Я знаю, что бежать бессмысленно…
– Как он?
– Он молодец, ядреная пришпа! Не кричит и не воет. Спросила женщина, похвалил мужчина. Кто они? Да какая разница? Может, живые. А может – мертвые. Пустота – она забавная, цепари в кабаках такого про нее рассказывают, что глаза на лоб лезут. Правду от вымысла отличить сложно, а потому понять, что за спасители держат за плечи, нет никакой возможности. Мертвые? Живые? Или просто: такие, как я? Да, наверное: такие, как я. В этом есть смысл. Они кричали, а я пил вино и улыбался. Они пытались спастись, а я сам шагнул в Пустоту. Но они все равно не убежали, они все равно здесь, рядом со мной, в Пустоте…
– Парень, я вижу, ты в норме. Открой глаза и скажи что-нибудь.
«А что говорить?»
– Кха… – Он попытался пошутить, но не получилось, сначала пришлось покашлять. – Кха!
– Ты уверен, что он в норме?
– Смотрит осмысленно.
– С чего ты взял?
– Он уставился на твое декольте.
– Я в норме.
– Вот видишь.
– Кха!
Прямо перед ним красивая девушка с синими волосами, ее строгое платье в беспорядке, расстегнуто чуть больше, чем позволено приличиями. Рядом с ней – лысый мужчина в цепарской куртке. А за их спинами – дерево.
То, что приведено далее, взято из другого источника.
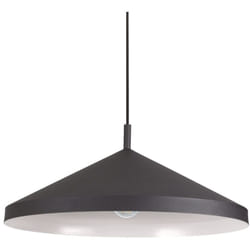 Ideal Lux - Sospensione Industrial-Minimal Yurta Metallo Nero 1 Luce E27 D50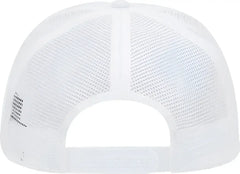 OTTO 32-285 100% Nylon Mesh Back Cotton Twill 5 Panel Pro Style Mesh Back Cap - White - White / One Size Fits Most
«Не такая уж ты и пустая, Пустота…»
– Где-нибудь болит?
«Какой у нее красивый голос…»
– Кха… Везде.
– Значит, с ним действительно все в порядке. – Лысый мужчина встает на ноги и озирается: – А кто сейчас кричал?
ПРИВЕРЕДА– Помогите!
Крик превращается в хрип. За одну секунду. За одну-единственную секунду! Нереально быстро и нереально страшно. Крик говорит, что все кончено.
Чужой крик.
Но это ничего не значит, потому что я тоже кричу.
– Помогите!
Я в трех шагах позади того, чей крик стал хрипом, в трех шагах от края жизни. В трех шагах от последней черты. И все вокруг кричат и стоят, потому что за их спинами стена и дальше бежать некуда. Я тоже кричу и тоже не двигаюсь, потому что стена и за моей спиной. Потому что я одна из всех. Потому что я кричу и плачу, но надеюсь, что три последних шага не будут сделаны. Мы все надеемся, потому что за нашими спинами стена, и бежать дальше некуда. Мы замерли. Мы держим друг друга, но Пустота сосет воздух и проклятая черта приближается даже тогда, когда мы стоим на месте.
И мы кричим:
– Помогите!
А люди из первого ряда падают. Они глотнули Пустоты. Через них прошла черта.
«Помогите! Пожалуйста!»
Я прижимаюсь к стене. Я не хочу в Пустоту. Я верю, что мое время еще не пришло, но стена впереди, стена из людей, становится все тоньше. И мое время придет совсем скоро.
И я кричу:
– Помогите!
Но ответа нет. И помощи нет. И та стена, что за спиной, не становится тоньше, хотя некоторые пытаются с ней совладать. Они бьют ее и царапают ногтями. Они кричат:
– Помогите!
Но стена прочна, а черта приближается.
И мой крик превращается в хрип. А значит, я в Пустоте.
А значит, я мертва…
– Помогите!
– Да заткнись ты!
– Раз орет, значит, жива.
– У меня голова болит от ее воплей.
– Только голова? Тебе повезло.
– Ты тоже заткнись.
– Помогите!
Где Пустота? Где смерть? Это смерть? Но откуда голоса? Почему эти голоса не взывают о помощи? Или это похоронная процессия? Или мы выстроились в Пустоте и медленно движемся… Куда можно идти в Пустоте? В другую Пустоту? Откуда голоса? Откуда чужие руки?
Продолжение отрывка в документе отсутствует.